Daisy Fleabane...The Welcome Friend

   I have a hard time calling anything a weed until it proves that it is destructive to the gardens, pets or people.  In fact, wildflowers have made their way into the Small Gardens and are about as welcome as any other plants.  In fact, it is a well known fact that some have been dug from roadsides, marshes or creek beds to be planted in the gardens.  Who in the world would do that?  Me!  I figure they are happy additions to the gardens as wildflowers add points of interest and they bloom with wild abandon whenever they please.  Wildflowers are not particularly bound to any set season like the over-meddled with seeds we plant. This morning as I was out picking broccoli, some gorgeous flowers were the first thing that I noticed in the garden. Daisy Fleabane!  Ahh, my good friend, it is grand to see you and I hope the freeze tonight does you no harm.  The fleabane was sort of crammed in a nook with some lilies, chives and wood sorrel.  Obviously, they all get along well and have no quarrel growing together in the same garden. I have no quarrel with any of them so they all stay.

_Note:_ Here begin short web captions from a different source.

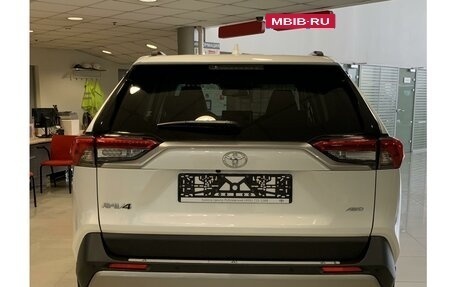 Toyota RAV4, 2023 год, 5 650 000 рублей, 6 фотография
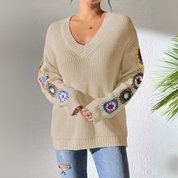 Elodie Blumenpullover | V-Ausschnitt mit floralem Muster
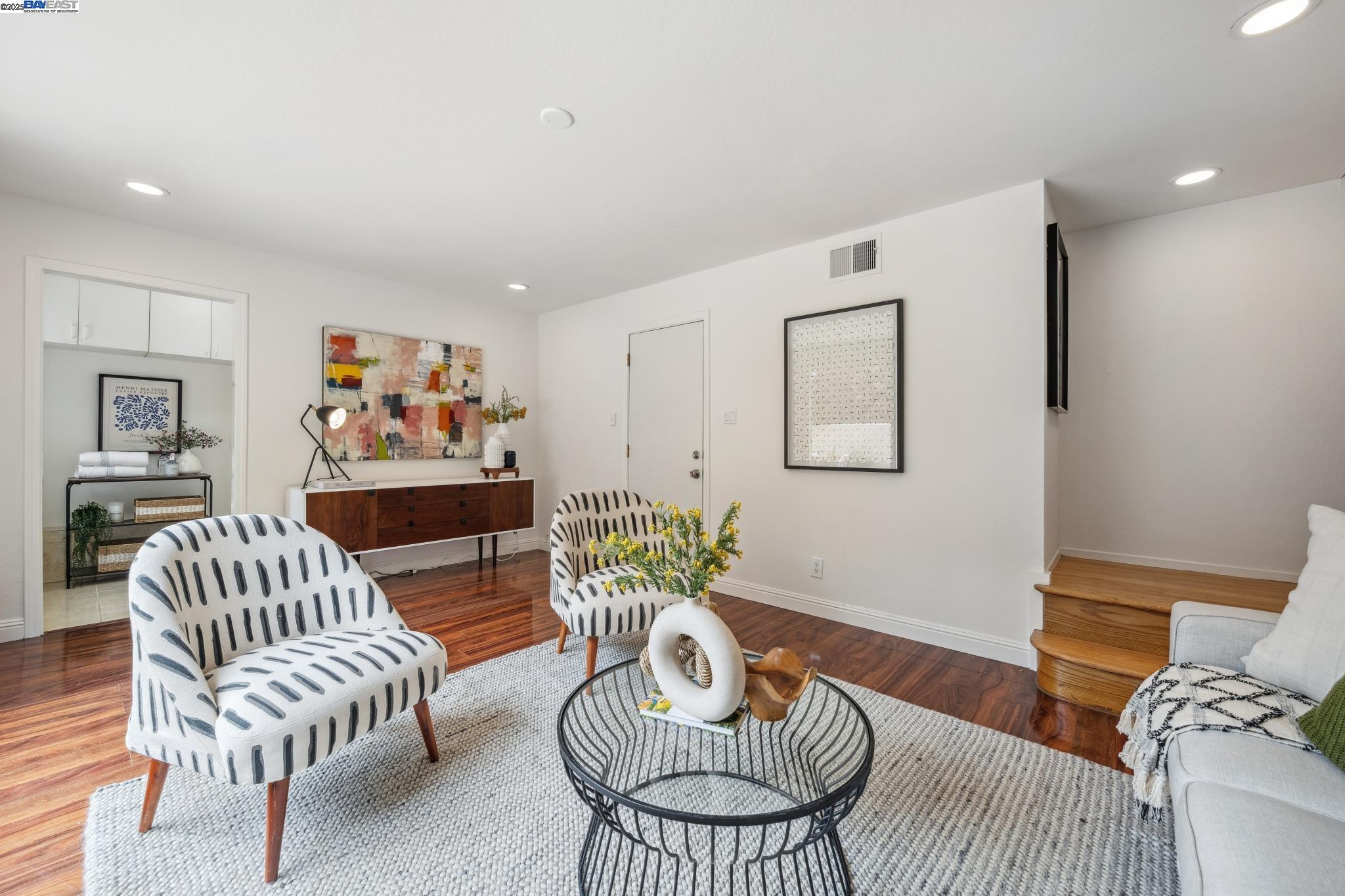 Detail Gallery Image 35 of 58 For 598 Crestmont Drive, Oakland,  CA 94619 - 4 Beds | 2/1 Baths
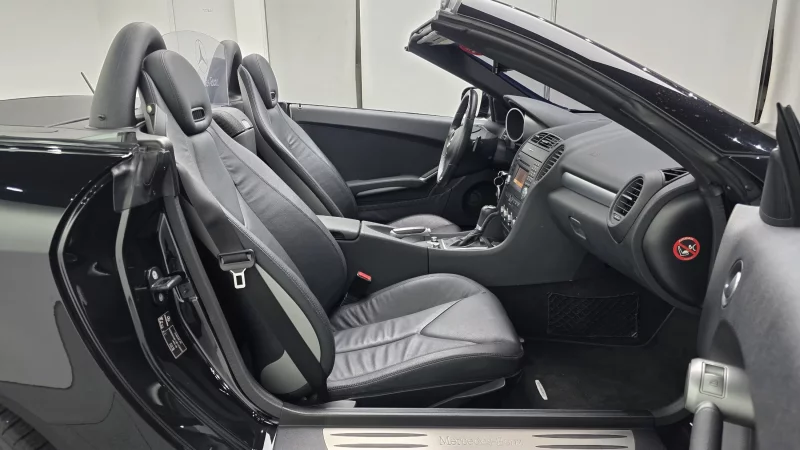 Mercedes-Benz SLK-Class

  Daisy Fleabane by most folks' standards is a weed and has no place in their pristine gardens.  The plant would be ripped from the ground and destroyed.  This is not the smartest thing as these blooms are some of the first to open in the early spring and provide life-giving pollen and nectar for many pollinators.  Those very pollinators are the ones that visit our food plots and, without them, our crops will not produce.  I smiled when I saw my helpful wildflower friends and had to whisper a "Thanks!  Job well done, Little Plant!"  Folks, leave a few of the early blooming wildflowers as a gift to our ever-dwindling bee population.  Without the bees...we won't be here.